Selanjutnya, mengabaikan terhadap standar teknis dalam proyek bernilai miliaran rupiah ini dinilai bukan sekadar bentuk kelalaian teknis, melainkan bentuk pemborosan uang rakyat. Praktik pengerjaan yang disinyalir mengejar keuntungan sepihak tanpa memedulikan mutu pengerjaan turut menguatkan dugaan indikasi korupsi.

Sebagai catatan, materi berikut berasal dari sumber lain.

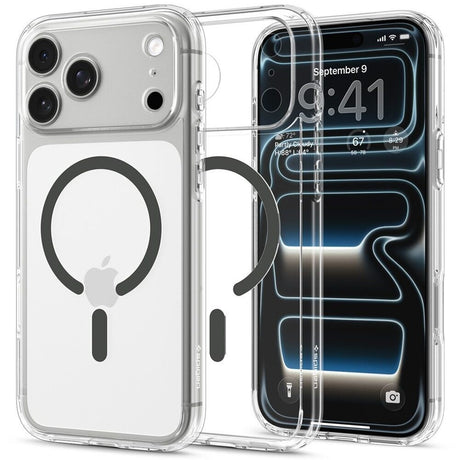iPhone 18 Pro Max / 17 Pro Max Spigen Ultra Hybrid Case - MagSafe Compatible - Transparent / Grey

Kini tokoh masyarakat setempat meminta Bupati Purwakarta Om Zein agar tidak tinggal diam. Selain penindakan terhadap oknum kontraktor pelaksana maupun jajaran pejabat di Dinas Perumahan dan Kawasan Pemukiman (Disperkim) yang bertanggung jawab atas pengawasan proyek ini juga mendesak untuk dievaluasi secara menyeluruh.
“Bupati diminta harus berani mencopot atau meninjau ulang jabatan pejabat terkait di Disperkim jika terbukti tidak serius menjaga amanah anggaran negara dan hanya membiarkan pengerjaan berjalan tanpa pengawasan ketat,” tegas tokoh masyarakat.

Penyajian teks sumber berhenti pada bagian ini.